-- Data under study follows --

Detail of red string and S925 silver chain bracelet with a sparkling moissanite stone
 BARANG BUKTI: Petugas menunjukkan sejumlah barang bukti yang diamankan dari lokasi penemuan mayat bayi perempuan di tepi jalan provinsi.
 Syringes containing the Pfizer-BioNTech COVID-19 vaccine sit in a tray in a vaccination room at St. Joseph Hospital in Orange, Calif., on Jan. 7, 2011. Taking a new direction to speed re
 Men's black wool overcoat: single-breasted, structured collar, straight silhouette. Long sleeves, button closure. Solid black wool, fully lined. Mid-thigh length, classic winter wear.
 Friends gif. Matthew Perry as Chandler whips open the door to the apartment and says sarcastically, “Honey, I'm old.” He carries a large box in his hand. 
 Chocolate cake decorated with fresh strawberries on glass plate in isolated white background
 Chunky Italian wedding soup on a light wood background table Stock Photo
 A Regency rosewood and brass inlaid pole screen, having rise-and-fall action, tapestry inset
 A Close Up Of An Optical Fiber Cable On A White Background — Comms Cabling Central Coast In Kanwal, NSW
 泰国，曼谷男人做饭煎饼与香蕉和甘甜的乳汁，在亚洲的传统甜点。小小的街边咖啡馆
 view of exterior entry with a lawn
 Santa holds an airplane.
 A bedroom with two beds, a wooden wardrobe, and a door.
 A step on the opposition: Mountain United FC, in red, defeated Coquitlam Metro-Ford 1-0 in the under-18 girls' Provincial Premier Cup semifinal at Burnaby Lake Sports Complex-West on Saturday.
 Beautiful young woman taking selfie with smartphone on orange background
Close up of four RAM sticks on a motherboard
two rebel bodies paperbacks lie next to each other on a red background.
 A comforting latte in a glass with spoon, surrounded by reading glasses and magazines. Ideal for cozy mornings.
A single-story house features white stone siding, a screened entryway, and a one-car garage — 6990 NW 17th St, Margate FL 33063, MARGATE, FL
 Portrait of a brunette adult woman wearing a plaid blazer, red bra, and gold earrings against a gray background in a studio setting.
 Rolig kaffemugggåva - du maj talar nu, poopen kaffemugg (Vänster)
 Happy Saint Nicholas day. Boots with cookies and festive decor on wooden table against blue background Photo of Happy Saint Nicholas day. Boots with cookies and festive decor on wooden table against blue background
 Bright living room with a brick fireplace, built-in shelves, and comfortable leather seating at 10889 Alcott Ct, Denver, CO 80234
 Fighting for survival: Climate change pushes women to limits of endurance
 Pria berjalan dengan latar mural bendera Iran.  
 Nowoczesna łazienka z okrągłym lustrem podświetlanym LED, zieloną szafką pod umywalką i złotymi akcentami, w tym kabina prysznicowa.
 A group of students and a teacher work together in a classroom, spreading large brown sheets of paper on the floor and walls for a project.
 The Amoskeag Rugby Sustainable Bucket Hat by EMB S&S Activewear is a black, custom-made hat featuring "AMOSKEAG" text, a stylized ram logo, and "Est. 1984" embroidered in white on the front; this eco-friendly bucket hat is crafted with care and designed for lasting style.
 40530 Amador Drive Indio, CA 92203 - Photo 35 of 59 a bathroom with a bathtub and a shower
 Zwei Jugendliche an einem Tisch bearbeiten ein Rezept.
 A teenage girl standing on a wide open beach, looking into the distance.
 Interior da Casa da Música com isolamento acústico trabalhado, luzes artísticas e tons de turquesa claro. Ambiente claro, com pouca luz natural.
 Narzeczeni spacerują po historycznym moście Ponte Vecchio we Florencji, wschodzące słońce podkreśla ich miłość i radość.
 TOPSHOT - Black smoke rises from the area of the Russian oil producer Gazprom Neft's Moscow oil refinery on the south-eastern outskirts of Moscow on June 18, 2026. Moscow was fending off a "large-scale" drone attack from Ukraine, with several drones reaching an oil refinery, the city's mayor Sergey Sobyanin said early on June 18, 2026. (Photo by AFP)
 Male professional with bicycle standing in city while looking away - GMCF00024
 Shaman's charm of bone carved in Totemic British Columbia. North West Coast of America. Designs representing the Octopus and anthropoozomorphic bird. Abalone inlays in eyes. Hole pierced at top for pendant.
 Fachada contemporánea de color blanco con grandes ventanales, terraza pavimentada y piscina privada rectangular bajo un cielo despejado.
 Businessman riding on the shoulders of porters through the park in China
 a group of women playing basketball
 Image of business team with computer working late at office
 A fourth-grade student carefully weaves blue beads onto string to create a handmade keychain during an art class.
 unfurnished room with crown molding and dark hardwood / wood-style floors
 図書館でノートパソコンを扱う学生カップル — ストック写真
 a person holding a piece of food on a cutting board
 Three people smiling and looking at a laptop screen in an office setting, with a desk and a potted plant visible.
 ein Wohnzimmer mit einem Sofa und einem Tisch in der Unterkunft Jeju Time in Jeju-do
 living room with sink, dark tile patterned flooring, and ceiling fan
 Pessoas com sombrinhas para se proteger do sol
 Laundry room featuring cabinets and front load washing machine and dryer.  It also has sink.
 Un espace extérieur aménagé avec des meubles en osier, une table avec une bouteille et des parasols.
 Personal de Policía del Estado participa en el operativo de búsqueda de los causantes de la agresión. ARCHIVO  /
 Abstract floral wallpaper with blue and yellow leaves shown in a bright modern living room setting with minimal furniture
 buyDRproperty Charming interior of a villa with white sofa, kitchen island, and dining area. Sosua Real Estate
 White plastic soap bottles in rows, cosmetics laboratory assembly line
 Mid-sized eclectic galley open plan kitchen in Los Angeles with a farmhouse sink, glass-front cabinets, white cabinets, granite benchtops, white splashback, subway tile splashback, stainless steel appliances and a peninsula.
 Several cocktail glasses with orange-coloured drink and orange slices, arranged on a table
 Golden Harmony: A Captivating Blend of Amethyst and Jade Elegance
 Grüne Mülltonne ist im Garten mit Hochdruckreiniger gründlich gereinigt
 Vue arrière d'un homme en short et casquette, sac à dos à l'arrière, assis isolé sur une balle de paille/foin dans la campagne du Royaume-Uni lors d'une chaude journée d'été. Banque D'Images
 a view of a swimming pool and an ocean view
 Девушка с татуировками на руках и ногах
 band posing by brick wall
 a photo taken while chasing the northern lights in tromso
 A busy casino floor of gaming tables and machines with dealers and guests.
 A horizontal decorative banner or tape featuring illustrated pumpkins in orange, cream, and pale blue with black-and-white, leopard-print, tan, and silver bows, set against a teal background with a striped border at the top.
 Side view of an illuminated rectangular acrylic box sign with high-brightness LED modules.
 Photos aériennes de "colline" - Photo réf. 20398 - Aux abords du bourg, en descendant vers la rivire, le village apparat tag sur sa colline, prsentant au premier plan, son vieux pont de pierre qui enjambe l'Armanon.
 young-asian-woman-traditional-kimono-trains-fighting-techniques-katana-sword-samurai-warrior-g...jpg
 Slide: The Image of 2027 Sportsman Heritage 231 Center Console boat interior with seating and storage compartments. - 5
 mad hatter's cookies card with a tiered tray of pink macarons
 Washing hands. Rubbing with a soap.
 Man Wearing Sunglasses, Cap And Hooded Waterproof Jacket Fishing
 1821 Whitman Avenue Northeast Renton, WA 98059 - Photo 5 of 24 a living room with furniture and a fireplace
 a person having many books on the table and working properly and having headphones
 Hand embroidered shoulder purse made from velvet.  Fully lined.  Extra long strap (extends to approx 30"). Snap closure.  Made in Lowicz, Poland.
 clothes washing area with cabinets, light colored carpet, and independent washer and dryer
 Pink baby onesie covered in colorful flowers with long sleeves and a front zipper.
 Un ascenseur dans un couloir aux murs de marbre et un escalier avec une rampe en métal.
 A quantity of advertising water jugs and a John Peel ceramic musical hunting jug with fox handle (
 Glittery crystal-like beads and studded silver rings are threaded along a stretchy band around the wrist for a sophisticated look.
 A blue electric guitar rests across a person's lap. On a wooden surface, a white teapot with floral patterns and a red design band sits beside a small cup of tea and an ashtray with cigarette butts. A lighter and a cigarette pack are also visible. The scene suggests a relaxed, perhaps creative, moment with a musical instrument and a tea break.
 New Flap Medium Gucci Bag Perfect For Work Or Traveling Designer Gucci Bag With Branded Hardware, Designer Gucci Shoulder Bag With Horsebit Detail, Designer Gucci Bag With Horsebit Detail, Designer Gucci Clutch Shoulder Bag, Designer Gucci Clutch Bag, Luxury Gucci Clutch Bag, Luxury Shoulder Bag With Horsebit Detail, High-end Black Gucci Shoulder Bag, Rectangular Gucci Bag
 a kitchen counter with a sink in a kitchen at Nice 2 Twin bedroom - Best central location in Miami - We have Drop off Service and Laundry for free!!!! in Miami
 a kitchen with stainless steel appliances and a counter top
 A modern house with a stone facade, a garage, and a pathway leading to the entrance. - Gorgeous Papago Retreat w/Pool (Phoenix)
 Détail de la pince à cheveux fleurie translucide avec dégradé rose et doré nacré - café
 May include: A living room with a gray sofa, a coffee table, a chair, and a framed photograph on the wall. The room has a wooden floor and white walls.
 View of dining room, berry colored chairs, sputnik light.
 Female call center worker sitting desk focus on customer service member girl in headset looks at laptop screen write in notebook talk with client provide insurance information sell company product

-- Data under study concluded --

Of the lines above, extract only those from the line with "band posing by brick wall" to the line with "1821 Whitman Avenue", both included, exactly as written.

Response:
 band posing by brick wall
 a photo taken while chasing the northern lights in tromso
 A busy casino floor of gaming tables and machines with dealers and guests.
 A horizontal decorative banner or tape featuring illustrated pumpkins in orange, cream, and pale blue with black-and-white, leopard-print, tan, and silver bows, set against a teal background with a striped border at the top.
 Side view of an illuminated rectangular acrylic box sign with high-brightness LED modules.
 Photos aériennes de "colline" - Photo réf. 20398 - Aux abords du bourg, en descendant vers la rivire, le village apparat tag sur sa colline, prsentant au premier plan, son vieux pont de pierre qui enjambe l'Armanon.
 young-asian-woman-traditional-kimono-trains-fighting-techniques-katana-sword-samurai-warrior-g...jpg
 Slide: The Image of 2027 Sportsman Heritage 231 Center Console boat interior with seating and storage compartments. - 5
 mad hatter's cookies card with a tiered tray of pink macarons
 Washing hands. Rubbing with a soap.
 Man Wearing Sunglasses, Cap And Hooded Waterproof Jacket Fishing
 1821 Whitman Avenue Northeast Renton, WA 98059 - Photo 5 of 24 a living room with furniture and a fireplace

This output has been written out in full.